━━━ INPUT FOR THIS TASK ━━━

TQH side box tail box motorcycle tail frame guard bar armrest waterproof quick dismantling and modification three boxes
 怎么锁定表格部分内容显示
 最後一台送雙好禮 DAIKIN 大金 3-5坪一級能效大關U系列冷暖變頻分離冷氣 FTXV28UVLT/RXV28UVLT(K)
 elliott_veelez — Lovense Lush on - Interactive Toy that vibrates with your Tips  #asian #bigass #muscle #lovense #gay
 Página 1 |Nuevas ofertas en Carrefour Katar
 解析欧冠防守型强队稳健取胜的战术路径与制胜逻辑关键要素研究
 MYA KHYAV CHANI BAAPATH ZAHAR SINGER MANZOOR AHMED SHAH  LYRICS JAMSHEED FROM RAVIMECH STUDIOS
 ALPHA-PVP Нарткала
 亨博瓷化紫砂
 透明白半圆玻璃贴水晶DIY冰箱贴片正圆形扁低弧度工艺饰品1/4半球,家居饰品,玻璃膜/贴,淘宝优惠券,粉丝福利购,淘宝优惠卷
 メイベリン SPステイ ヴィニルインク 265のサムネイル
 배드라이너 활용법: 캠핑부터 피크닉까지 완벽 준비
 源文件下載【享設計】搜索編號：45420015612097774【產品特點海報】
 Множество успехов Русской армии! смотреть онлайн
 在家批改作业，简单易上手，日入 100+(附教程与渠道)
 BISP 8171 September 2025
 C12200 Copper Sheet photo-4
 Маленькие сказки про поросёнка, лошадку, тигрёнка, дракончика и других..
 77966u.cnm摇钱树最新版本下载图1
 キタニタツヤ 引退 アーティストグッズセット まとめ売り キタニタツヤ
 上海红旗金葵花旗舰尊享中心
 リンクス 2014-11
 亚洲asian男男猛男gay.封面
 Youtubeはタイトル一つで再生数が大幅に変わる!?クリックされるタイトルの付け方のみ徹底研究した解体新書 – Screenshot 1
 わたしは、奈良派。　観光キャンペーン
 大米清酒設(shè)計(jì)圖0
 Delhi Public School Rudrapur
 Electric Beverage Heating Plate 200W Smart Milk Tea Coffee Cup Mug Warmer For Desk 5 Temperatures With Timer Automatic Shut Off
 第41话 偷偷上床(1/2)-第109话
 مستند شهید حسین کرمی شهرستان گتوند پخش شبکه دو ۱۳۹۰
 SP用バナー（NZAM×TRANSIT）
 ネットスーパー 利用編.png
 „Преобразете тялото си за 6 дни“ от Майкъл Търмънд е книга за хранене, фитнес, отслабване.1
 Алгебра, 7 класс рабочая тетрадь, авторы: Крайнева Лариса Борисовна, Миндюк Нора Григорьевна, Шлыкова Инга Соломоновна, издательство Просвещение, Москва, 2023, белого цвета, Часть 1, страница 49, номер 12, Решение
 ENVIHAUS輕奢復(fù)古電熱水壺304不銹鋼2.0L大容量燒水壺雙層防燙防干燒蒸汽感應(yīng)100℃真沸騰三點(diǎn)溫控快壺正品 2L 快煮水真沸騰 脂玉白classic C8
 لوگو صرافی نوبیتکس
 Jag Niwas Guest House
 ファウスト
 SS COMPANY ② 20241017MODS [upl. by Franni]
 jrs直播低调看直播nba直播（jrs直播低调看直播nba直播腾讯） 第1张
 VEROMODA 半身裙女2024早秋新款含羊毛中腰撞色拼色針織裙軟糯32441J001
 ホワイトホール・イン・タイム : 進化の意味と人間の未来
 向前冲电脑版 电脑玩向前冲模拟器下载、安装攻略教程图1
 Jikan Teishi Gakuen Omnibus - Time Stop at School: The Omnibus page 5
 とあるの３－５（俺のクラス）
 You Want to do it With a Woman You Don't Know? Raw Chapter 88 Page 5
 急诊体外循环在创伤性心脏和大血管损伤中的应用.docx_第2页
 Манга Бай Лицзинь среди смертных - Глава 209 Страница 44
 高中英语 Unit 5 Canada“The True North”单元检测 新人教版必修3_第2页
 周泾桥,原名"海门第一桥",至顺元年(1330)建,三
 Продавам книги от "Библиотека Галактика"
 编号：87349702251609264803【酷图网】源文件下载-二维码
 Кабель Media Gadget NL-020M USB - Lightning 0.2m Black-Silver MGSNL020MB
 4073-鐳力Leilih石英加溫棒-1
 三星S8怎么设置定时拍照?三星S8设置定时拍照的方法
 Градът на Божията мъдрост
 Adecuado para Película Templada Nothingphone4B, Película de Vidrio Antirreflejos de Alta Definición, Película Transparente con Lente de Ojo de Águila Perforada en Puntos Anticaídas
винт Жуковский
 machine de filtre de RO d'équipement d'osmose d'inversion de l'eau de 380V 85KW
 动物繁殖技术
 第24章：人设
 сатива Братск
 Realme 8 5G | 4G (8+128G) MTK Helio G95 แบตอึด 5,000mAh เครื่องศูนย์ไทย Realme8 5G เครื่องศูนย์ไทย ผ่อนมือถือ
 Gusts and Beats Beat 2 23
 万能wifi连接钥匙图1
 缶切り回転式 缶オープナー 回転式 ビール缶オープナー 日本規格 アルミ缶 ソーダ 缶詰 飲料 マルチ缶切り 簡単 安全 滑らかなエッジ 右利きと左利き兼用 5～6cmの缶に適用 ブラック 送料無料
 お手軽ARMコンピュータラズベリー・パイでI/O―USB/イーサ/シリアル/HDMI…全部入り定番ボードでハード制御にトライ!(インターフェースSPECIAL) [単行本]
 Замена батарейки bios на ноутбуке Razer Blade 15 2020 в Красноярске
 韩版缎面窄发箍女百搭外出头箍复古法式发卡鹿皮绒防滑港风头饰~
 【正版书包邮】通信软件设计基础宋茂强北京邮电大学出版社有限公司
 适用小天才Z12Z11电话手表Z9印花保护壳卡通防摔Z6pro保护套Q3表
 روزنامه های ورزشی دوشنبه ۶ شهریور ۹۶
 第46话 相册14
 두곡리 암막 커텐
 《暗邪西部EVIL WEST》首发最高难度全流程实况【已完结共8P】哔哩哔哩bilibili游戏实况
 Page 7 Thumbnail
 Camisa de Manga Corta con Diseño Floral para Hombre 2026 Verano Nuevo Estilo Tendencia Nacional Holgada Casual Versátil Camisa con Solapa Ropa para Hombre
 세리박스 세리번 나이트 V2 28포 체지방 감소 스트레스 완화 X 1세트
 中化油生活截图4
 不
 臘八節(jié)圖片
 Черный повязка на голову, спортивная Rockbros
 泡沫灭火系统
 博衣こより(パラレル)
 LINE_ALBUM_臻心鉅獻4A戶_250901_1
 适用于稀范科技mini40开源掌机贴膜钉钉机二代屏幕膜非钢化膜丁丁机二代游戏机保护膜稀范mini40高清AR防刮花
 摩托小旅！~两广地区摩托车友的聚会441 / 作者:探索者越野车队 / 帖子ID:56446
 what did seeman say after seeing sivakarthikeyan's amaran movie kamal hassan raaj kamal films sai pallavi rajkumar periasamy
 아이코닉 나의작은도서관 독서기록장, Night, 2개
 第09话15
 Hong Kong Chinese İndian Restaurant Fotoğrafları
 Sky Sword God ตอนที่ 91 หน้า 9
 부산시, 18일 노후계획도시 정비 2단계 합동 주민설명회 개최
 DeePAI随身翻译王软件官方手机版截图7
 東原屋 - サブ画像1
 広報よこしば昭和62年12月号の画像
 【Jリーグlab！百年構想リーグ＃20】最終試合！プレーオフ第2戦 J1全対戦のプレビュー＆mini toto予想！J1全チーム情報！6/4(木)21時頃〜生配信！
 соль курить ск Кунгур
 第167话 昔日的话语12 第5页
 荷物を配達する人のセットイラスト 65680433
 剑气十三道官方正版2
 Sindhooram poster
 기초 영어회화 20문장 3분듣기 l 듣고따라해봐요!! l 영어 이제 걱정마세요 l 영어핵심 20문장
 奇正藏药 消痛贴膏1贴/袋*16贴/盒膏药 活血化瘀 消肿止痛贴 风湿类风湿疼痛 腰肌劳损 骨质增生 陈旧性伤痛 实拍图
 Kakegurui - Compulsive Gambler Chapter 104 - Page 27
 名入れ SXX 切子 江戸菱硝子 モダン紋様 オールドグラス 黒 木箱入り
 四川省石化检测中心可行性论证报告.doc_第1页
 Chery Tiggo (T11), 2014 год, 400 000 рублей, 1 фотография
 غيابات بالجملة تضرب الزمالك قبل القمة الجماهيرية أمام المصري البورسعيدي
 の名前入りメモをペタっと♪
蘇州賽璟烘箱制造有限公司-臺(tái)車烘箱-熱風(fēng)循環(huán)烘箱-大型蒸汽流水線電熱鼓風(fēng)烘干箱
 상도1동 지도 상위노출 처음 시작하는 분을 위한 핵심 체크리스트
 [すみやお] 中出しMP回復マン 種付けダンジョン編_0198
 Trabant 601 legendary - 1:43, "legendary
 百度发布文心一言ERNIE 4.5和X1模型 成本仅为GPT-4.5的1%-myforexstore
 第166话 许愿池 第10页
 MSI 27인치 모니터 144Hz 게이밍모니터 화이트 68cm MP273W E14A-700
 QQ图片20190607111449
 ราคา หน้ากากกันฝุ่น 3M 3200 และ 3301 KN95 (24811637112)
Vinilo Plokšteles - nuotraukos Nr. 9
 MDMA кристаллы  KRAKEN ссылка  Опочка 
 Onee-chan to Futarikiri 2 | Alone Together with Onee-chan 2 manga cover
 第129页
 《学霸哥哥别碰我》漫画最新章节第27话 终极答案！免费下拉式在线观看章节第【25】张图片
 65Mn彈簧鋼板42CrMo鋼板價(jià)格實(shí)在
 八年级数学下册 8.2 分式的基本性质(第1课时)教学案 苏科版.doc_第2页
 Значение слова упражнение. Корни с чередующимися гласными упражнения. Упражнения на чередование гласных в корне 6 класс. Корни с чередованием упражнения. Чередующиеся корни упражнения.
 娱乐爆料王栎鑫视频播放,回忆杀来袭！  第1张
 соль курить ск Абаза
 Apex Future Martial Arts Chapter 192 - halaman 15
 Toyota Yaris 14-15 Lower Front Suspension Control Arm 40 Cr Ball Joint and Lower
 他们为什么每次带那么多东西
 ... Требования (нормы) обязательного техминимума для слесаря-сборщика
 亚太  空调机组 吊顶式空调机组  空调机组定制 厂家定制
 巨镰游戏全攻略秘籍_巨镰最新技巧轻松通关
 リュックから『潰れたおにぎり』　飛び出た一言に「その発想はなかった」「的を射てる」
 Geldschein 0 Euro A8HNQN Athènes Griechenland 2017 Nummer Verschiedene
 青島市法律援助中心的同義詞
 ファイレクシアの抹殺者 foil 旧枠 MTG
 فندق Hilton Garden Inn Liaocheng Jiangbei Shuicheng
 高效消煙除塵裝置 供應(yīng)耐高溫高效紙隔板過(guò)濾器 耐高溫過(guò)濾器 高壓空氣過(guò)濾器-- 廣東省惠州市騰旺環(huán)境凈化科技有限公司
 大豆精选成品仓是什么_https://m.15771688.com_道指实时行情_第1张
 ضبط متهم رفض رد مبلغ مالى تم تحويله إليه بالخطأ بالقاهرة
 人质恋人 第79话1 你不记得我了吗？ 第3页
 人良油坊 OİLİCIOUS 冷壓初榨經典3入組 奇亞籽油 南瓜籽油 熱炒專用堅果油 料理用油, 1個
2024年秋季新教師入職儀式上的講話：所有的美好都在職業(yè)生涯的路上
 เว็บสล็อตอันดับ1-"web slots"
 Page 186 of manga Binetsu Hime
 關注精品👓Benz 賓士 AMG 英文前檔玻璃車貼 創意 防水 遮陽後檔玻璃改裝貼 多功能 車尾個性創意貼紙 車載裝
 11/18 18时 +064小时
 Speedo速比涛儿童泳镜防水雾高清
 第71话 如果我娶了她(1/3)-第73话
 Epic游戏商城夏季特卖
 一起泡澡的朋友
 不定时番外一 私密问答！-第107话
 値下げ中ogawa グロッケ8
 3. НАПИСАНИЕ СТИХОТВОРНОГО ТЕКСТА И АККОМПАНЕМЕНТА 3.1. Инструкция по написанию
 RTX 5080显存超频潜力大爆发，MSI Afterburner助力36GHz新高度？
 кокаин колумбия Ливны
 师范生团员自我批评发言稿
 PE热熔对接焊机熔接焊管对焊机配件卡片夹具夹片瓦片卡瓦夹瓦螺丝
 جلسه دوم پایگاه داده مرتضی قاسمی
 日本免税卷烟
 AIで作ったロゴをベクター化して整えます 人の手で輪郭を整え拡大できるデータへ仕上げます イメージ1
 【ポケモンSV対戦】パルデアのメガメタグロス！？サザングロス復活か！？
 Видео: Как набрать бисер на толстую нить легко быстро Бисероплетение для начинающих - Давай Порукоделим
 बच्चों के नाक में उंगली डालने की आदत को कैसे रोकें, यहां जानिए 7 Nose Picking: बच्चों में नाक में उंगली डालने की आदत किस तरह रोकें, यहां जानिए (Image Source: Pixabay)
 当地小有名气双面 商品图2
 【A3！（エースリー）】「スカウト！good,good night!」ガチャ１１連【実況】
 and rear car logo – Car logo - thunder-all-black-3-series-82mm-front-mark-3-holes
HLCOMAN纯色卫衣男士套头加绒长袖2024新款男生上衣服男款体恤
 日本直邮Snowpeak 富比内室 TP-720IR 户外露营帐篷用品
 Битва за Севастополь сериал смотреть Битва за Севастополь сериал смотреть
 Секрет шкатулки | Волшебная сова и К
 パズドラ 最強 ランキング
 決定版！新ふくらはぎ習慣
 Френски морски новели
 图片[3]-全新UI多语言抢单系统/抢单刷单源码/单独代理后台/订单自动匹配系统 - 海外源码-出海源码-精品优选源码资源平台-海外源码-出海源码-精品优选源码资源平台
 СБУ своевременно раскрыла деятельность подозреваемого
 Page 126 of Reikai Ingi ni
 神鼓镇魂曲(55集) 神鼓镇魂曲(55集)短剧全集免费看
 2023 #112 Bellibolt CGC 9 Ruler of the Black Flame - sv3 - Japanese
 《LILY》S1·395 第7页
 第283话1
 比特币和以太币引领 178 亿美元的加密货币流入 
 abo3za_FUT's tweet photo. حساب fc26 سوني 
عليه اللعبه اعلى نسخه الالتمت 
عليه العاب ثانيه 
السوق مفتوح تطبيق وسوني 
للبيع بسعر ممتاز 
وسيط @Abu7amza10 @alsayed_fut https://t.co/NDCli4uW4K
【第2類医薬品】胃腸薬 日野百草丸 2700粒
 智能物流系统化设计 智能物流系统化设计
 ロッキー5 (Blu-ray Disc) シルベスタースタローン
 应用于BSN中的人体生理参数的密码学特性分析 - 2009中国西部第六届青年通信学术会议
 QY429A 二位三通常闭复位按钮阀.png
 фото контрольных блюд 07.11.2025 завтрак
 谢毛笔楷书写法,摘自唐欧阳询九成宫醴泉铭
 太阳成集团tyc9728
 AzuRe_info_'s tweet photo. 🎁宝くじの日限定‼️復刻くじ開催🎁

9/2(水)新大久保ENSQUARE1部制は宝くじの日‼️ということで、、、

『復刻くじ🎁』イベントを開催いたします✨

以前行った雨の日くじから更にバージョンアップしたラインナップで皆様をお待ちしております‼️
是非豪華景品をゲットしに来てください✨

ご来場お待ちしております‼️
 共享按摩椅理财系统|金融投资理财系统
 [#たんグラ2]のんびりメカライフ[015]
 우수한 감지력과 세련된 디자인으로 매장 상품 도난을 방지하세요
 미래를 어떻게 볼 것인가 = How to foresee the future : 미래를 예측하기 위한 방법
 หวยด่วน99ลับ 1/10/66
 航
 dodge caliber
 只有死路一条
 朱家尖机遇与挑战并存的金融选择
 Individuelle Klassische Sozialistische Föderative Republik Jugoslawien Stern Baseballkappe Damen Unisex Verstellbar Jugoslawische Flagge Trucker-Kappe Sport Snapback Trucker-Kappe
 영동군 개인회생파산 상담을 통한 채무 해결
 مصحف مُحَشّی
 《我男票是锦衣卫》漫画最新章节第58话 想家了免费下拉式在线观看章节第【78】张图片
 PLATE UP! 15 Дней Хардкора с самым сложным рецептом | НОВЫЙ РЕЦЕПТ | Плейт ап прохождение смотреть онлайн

━━━

- **YOUR ASSIGNMENT**:
Extract every line above containing the word "онлайн".

- **SOLUTION TO THIS EXERCISE**:
 Множество успехов Русской армии! смотреть онлайн
 PLATE UP! 15 Дней Хардкора с самым сложным рецептом | НОВЫЙ РЕЦЕПТ | Плейт ап прохождение смотреть онлайн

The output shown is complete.